Bazı kitaplar vardır, onları okumak cesaret ister. Bunlar, büyük yazarların büyük kitaplarıdır. Özellikle siyaset/ekonomi üzerine yazılmış olanlar, herkesin hakkında bir iki klişe cümle söyleyebildiği, ama çoğu kimsenin okumaya cesaret edemediği büyük birer “fobi” olarak karşımıza çıkarlar. Bu fobiyi yenmenin çeşitli yolları vardır; şanslı olanlar sosyal bilimler ile ilgili bir üniversite bölümünde siyaset felsefesi, siyasal düşünce, siyaset kuramı gibi farklı adlar altında bazı giriş dersleri alırlar ve aslında bu “büyük” kitapların o kadar da korkulacak eserler olmadığını görürler. Ancak böyle bir şansı olmayan ve büyük kuram kitaplarıyla başbaşa fobik zamanlar geçirenlerin tek yolu, büyük kuramlar üzerine yazılmış “giriş” kitaplarını okumaktır.
Cezayirli Sosyolog Philippe Corcuff’un “Siyasetin Büyük Düşünürleri” adlı kitabı da bu fobimizi yenebilmemiz için bizlere bir fırsat sunuyor. Siyaset felsefesine giriş niteliğindeki bu kitap diğer giriş kitapları gibi büyük düşüncelerin büyük anlatıcısı olmak yerine mütevazı bir başlangıç kitabı olmayı tercih etmiş. Dolayısıyla kraldan çok kralcı olmak yerine farklı krallıkları gösteren bir pusula işlevi görüyor. Kitap Platon’dan başlayarak, Aristoteles, More, Machiavelli, La Boétie, Hobbes, Locke, Montesquieu, Rousseau, Smith, Kant, Marx, Fichte, Tocqueville, Benjamin, Lévinas, Nietzsche, Derrida, Proudhon, Arendt, Wittgenstein, Negri gibi zaman zaman adlarını telaffuz ederken bile çekindiğimiz birçok düşünürü –Corcuff’un kendi deyimiyle- okumaya davet ediyor.
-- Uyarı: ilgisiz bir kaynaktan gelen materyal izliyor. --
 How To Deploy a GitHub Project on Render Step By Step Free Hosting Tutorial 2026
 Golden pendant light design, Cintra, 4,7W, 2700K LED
Güncel olanın her şeyin üstüne bir kabus gibi çöktüğü, güncel olmayan her şeyin çöp olarak değerlendirildiği günümüzde, geleneğe ve geleneğe mal olmuş bu yazarlara dönmenin gerekliliğini “benzeşik olanı anlamak” olarak açıklıyor Corcuff. Kitapta bahsi geçen gelenek fikri geçmişle aynı olan değil, aksine “sürekli yeniden icat edilen” bir durum. Bu bakış açısı, siyasetin geçmişle bağlaşık durağan yapısını kırarak siyaseti tarihsel olarak çeşitlilik gösteren bir konumda algılamamızı ve “büyük kuramları” okurken günümüzle benzeşik olan üzerinden bağlantı kurmamızı sağlıyor.
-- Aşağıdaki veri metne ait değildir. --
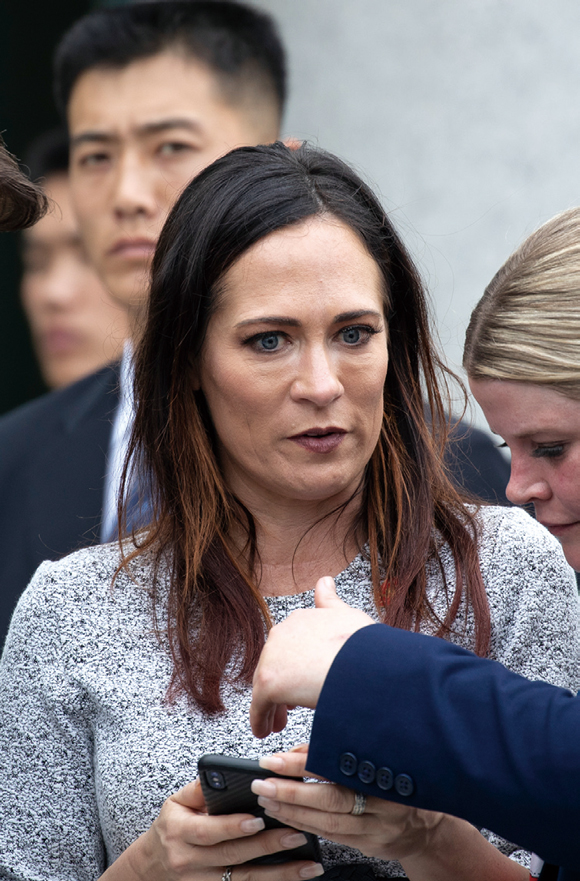 스테파니 그리샴 전 백악관 대변인ⓒ연합뉴스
Siyaset ve ekonomi hakkındaki fobilerini yenmek isteyen ve bu konuda eleştirel olanaklar arayanların; klişelere boğulmadan derin sulara girmesini sağlayan bu kitap hem siyaset felsefesi üzerine düşünen/araştıran üniversite kürsülerinin hem de sorularına yanıt arayan “yurttaş”ların önemli bir başlangıç noktası olmak için raflardaki yerini aldı.

Terliklerimle gelsem sana...

Blog adını Bülent Somay’ın bir makalesinden aldı. Türkiye’de çokça örneğini görebileceğiniz Batı taklitçisi züppelerden biriyim ben. Okuduklarım, yazmaya çalıştıklarım, dinlediklerim ve hayallerimle taklidin ötesine geçebilmek adına vereceğim mücadelenin seyir defteri olacak blog. O yüzden itiraflar zaten, yaşadıklarımı anlatabilmek için.

Daha önce başlayıp yarım bırakılmış projelerle dolu geçmişim. Bloglar, dergi fikirleri, forumlar... Bu da muhtemelen yarım kalacak, garp mukallidi züppeye yakışır bir şekilde.